L’indemnité d’occupation due par un indivisaire doit être assimilée à un revenu accroissant à l’indivision ; elle a pour objet de compenser l’impossibilité pour les autres indivisaires de bénéficier des fruits et revenus du bien indivis du fait de son occupation privative par l’un des indivisaires. Elle est donc due à l’indivision.
L’état de vétusté du bien, incompatible avec sa mise en location, est un motif impropre à décharger l’occupant de son obligation d’indemniser l’indivision.
La jouissance privative d’un immeuble indivis résulte de l’impossibilité de droit ou de fait, pour les coindivisaires, d’user de la chose. L’indemnité n’est pas due si l’occupation de l’immeuble par un indivisaire n’exclut pas la même utilisation pour ses coindivisaires. Un indivisaire bénéficiant de la jouissance privative d’un bien indivis ne peut échapper au paiement d’une indemnité si la possibilité pour les coïndivisaires de bénéficier de la jouissance de ce bien est purement théorique.
L’évaluation de l’indemnité d’occupation relève de l’appréciation souveraine des juges du fond.
En application de l’article 815-10 du même code, les fruits et les revenus des biens indivis accroissent à l’indivision, à défaut de partage provisionnel ou de tout autre accord établissant la jouissance divise.
Aucune recherche relative aux fruits et revenus ne sera, toutefois, recevable plus de cinq ans après la date à laquelle ils ont été perçus ou auraient pu l’être.
Chaque indivisaire a droit aux bénéfices provenant des biens indivis et supporte les pertes proportionnellement à ses droits dans l’indivision.
Si l’indivisaire agit dans les cinq années qui suivent la date de la fin de l’indivision, il est en droit d’obtenir une indemnité pour tout la période écoulée depuis la date à laquelle les indivisaires ont cessé de cohabiter ou de collaborer jusqu’à celle où l’occupation effective a pris fin.
La prescription est suspendue par l’assignation formulant des demandes au titre du versement d’une indemnité d’occupation.
En application de l’article 815-11 du code civil, tout indivisaire peut demander sa part annuelle dans les bénéfices, déduction faite des dépenses entraînées par les actes auxquels il a consenti ou qui lui sont opposables.A défaut d’autre titre, l’étendue des droits de chacun dans l’indivision résulte de l’acte de notoriété ou de l’intitulé d’inventaire établi par le notaire.En cas de contestation, le président du tribunal judiciaire peut ordonner une répartition provisionnelle des bénéfices sous réserve d’un compte à établir lors de la liquidation définitive.A concurrence des fonds disponibles, il peut semblablement ordonner une avance en capital sur les droits de l’indivisaire dans le partage à intervenir.

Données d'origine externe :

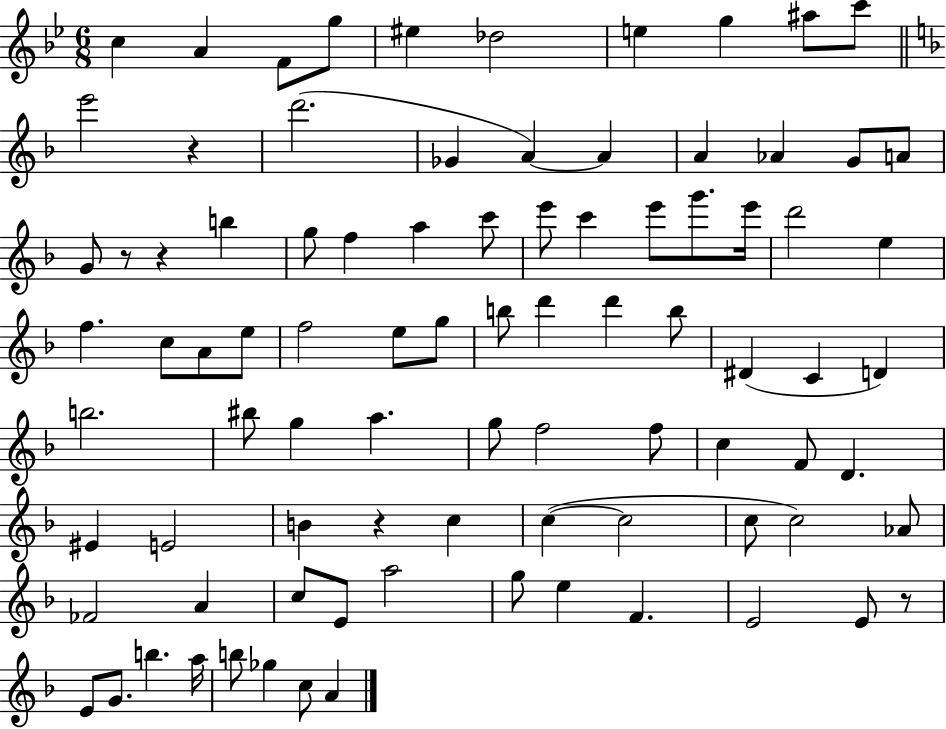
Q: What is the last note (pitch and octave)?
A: A4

M.[G] en sa qualité de conjoint survivant est toujours domicilié à cette date dans le bien immobilier sis [Adresse 4].
Mme [Q], sa belle -soeur, demande qu’il soit condamné faute pour elle de pouvoir jouir du dit bien à lui payer la somme de 1090 euros par mois, après un abattement de 20 % compte tenu du prix mensuel de location du bien indivis.
M.[G] conteste la demande aux motifs que chacune des parties conteste la qualité d’héritier de l’autre partie:
— Mme [Q] ayant initié une procédure en annulation du mariage de sa soeur avec M.[G] ;
— M.[G] entendant contester la qualité d’héritière de Mme [Q] compte tenu du contexte dans lequel elle a obtenu la signature par soeur en soins palliatifs. Il joint par ailleurs l’arrêt de la cour d’appel de Boumerdes en date du 26 juin 2024 qui a annulé l’acte de donation dressé par Me [J] [C] en date du 23/11/2022 et publié à la conservation foncière de [Localité 5] en date du 18/11/2022 volume 4 , n°109.

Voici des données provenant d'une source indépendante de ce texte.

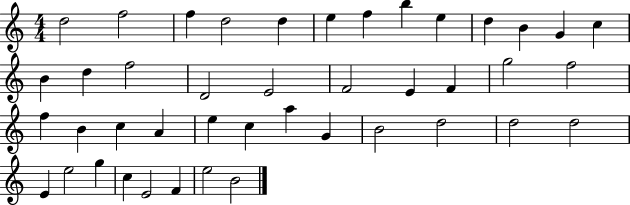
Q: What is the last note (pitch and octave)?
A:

Il ajoute qu’en tout état de cause, Mme [Q] ne justifie pas avoir été privée de la jouissance du bien en ce qu’elle a conservé un double des clés après le décès de sa soeur,étant précisé que cette dernière vit en Algérie .
Il résulte de l’ensemble de ces éléments que la demande présente un caractère prématuré au regard des autres procédures initiées susceptibles d’avoir une incidence sur la présente demande.
En tout état de cause, et indépendamment des procédures sus-visées, Mme [Q] ne joint pas 2 estimations de valeur locative permettant de fixer avec certitude la valeur locative du dit bien. Elle produit uniquement une estimation du prix du loyer mensuel au mètre carré relevé sur le site Meilleurs agents . Par conséquent , la demande tendant à fixer et obtenir le paiement d’une indemnité d’occupation sera rejetée.
Sur les dépens
Aux termes de l’article 696 du code de procédure civile, la partie perdante est condamnée aux dépens, à moins que le juge, par décision motivée, n’en mette la totalité ou une fraction à la charge d’une autre partie.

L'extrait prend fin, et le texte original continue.